Spoiler alert: sam would pack the lambda function into a docker image with specified runtime, so the function was invoked inside a docker container. Therefore, the host’s localhost should be reference as host.docker.internal.

I considered this was yet another WSL network routing issue, so I decided to give a try in macOS. By the way, I use nix, and home-manager to manage packages and dotfiles across WSL and macOS. The installation for vault failed due to the broken package, valgrind:

**error:** Package ‘valgrind-3.24.0’ in /nix/store/w25dkvl0vhdhngipf8pk8lqwy60cqbwc-nixpkgs/nixpkgs/pkgs/top-level/all-packages.nix:7751 is marked as broken, refusing to evaluate.

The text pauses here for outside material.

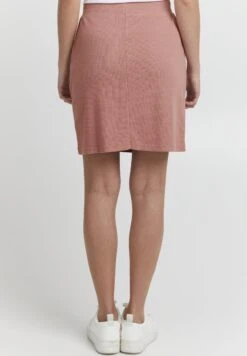 OXMO Oxlou - Falda De Tubo - Ash Rose Melange 8 OXMO Oxlou - Falda De Tubo - Ash Rose Melange -OXMO Tienda En Línea 3c14ab95de624f398377521c959ff40e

But the package was already removed from this change, how could I remove a uninstalled package?

Info

In the retrospect, I considered this might result from the nix-shell? The valgrind was referenced in the llvm shell, and the recent update broke it? It was still a myth to me.

I recalled nixOS supported rollback, though home-manager does not official support this feature, home-manager generation will list the recent generations; and I could run the activate method to rollback. I tried couple recent generations, but still encountered the same error, so I decided to go deep, rollbacked to a generation built two years ago, maybe we could use the similar strategy as git bisect to identify the issue?

No, the home-manager complained missing dependencies, I considered maybe the packages referenced by the old generation was garbage collected? Could I just reinstall the home-manager to address this issue?

Warning

Until this moment, I still had a viable command line, the next operation was a one-way door that I must proceed to fix the issue!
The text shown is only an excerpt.